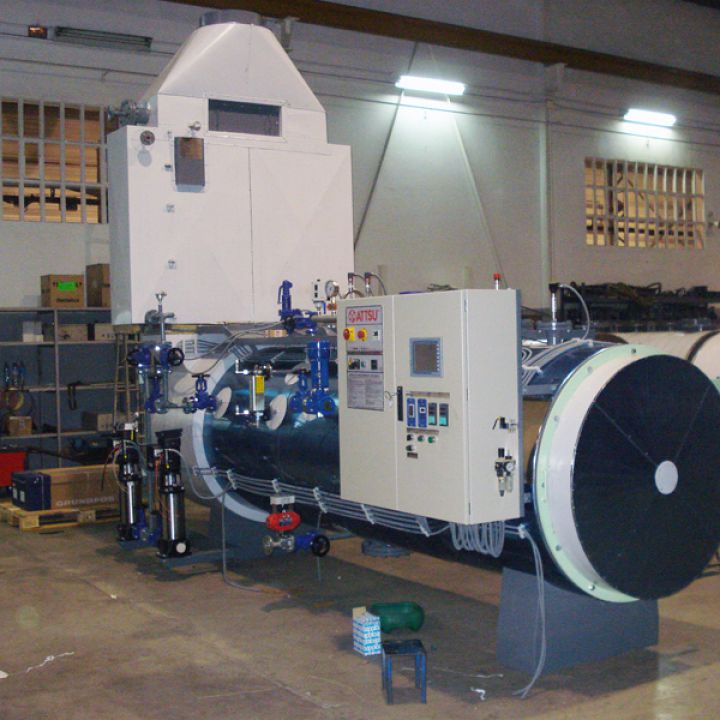 Boiler cogeneration plants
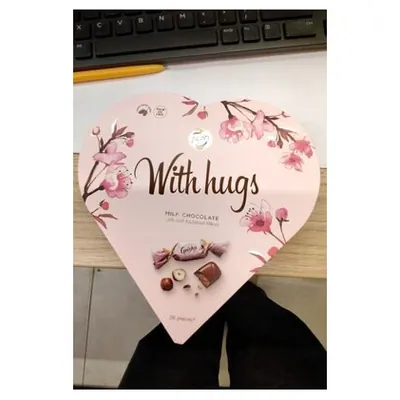 Geisha Heart box chocolates, 190 g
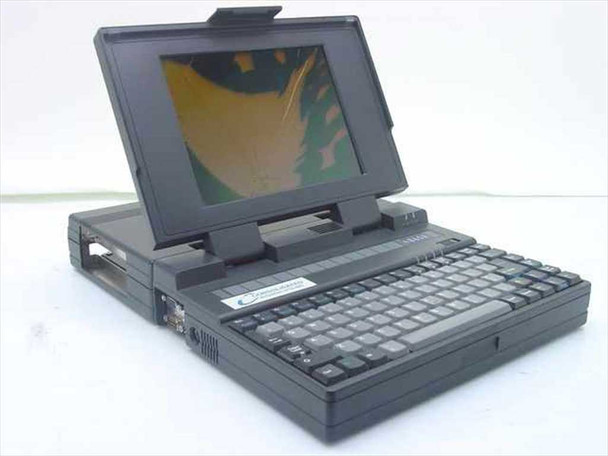 Notebook Computers 486SX Professoinal Vintage Notebook Computer w/ Docking Station 3305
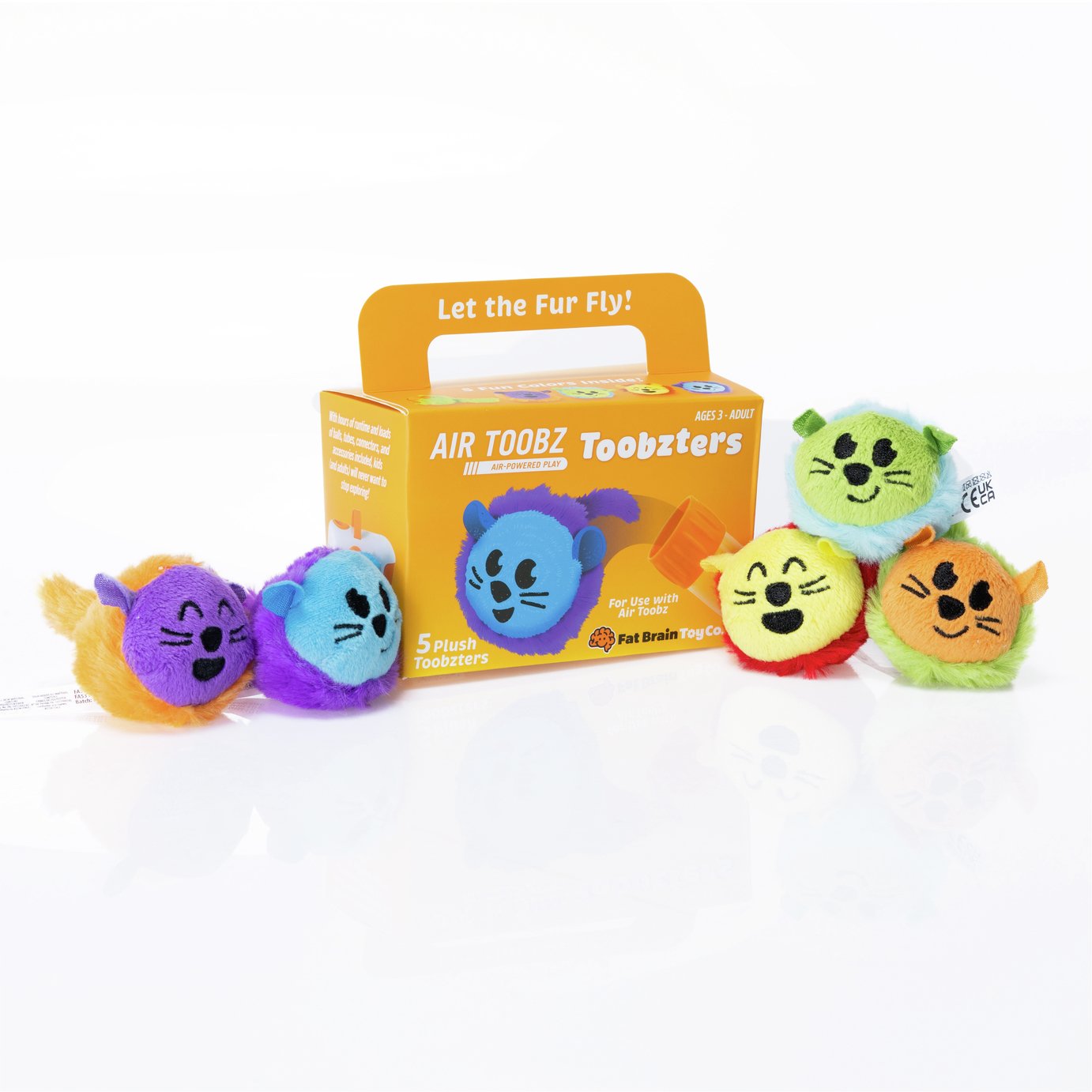 Fat Brain Toys Air Toobz Toobzsters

————————

§ **Description of the task**:
Exactly the lines from the one with "Notebook Computers 486SX" to the last line of the listing are wanted, both ends included and pictures excluded.

§ **Task output**:
 Notebook Computers 486SX Professoinal Vintage Notebook Computer w/ Docking Station 3305
 Fat Brain Toys Air Toobz Toobzsters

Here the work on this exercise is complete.